A "no beach access" sign was placed at the entrance of L'Orange Place when the gate was installed a month ago. . . .
Some mornings, Dianne Price would find used condoms on her mock orange bushes.
Some nights at 2 a.m., large groups would walk down her lane to build bonfires on Kailua Beach.
Those and other concerns led the residents of L'Orange Place to put up a locked gate blocking their private road.
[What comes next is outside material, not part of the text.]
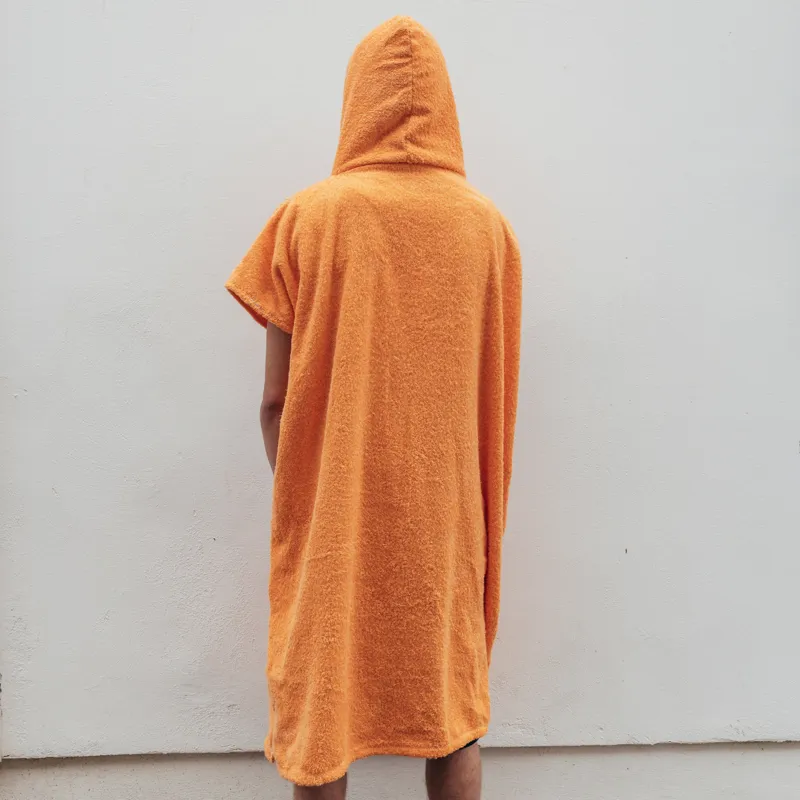 Zuma Jay Split Change Towel Peach-6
That was a month ago.
Some beachgoers are now complaining about the loss of convenient access.
"It seems, at best, unneighborly," said Ben Willkie, a Kainui Drive resident who had used the route at least once a week to head to the beach with his wife, Veronica, and 5-year-old son. . . .
"There are a lot of people alarmed by this," said Robert Moncrief, a resident since 1970. "I think this whole thing is a travesty. ... They're excluding all these people."
The Moncriefs said they fear more gates will be installed at other private side streets along Kalaheo Avenue, further blocking access to the beach.
"It's going to start this chain of reaction of exclusivity," he said.
City Council Chairwoman Barbara Marshall, who represents District 3 (Waimanalo-Kaneohe), said that while it is frustrating for beachgoers, the residents are within their rights.
"It's a private beach access owned by the adjacent homeowners," she said.
Homeowners who allow public access receive a tax break. L'Orange Place residents had opted to pay additional taxes when the gate was installed, she added.
There is another public access route about 200 yards away, near Kailuana Street.
The dispute is discussed in this op-ed, and in this follow-up article. Some useful discussion of the issue can also be found at the Beach Access Hawaii website. I'll defer substantive discussion to our resident Aloha Jurisprudence experts, Al Brophy and Carl Christensen.